» **What is expected**: Could you set down exactly the lines of the data below, starting at the one that holds "Aeropostale high rise" and ending at the one that holds "1 Bedroom Apartment", both included, and only those?

» **Data in this exercise**:
[Start of section]

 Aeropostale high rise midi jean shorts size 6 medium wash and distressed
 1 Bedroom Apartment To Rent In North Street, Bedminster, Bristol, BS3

[End of section]
[Start of section]

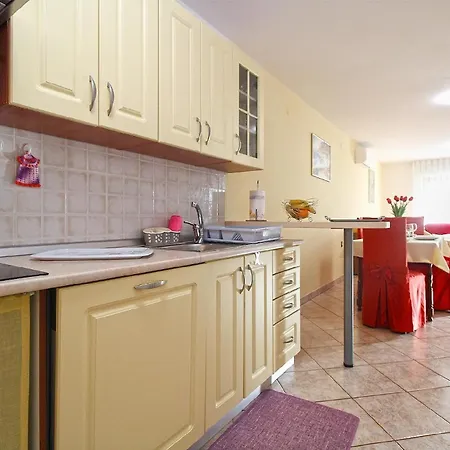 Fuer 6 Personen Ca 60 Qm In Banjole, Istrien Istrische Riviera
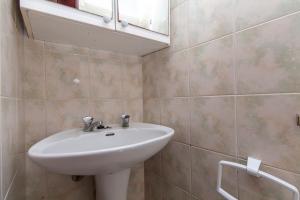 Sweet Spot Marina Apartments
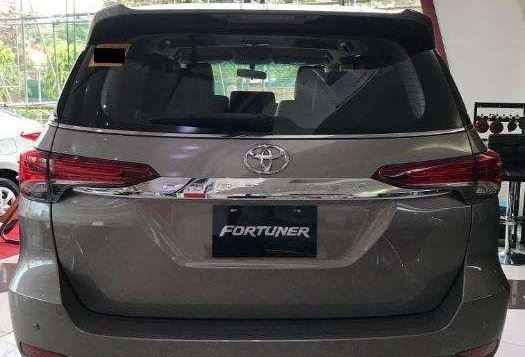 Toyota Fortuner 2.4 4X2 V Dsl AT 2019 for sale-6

[End of section]

» **Written answer**:
 Aeropostale high rise midi jean shorts size 6 medium wash and distressed
 1 Bedroom Apartment To Rent In North Street, Bedminster, Bristol, BS3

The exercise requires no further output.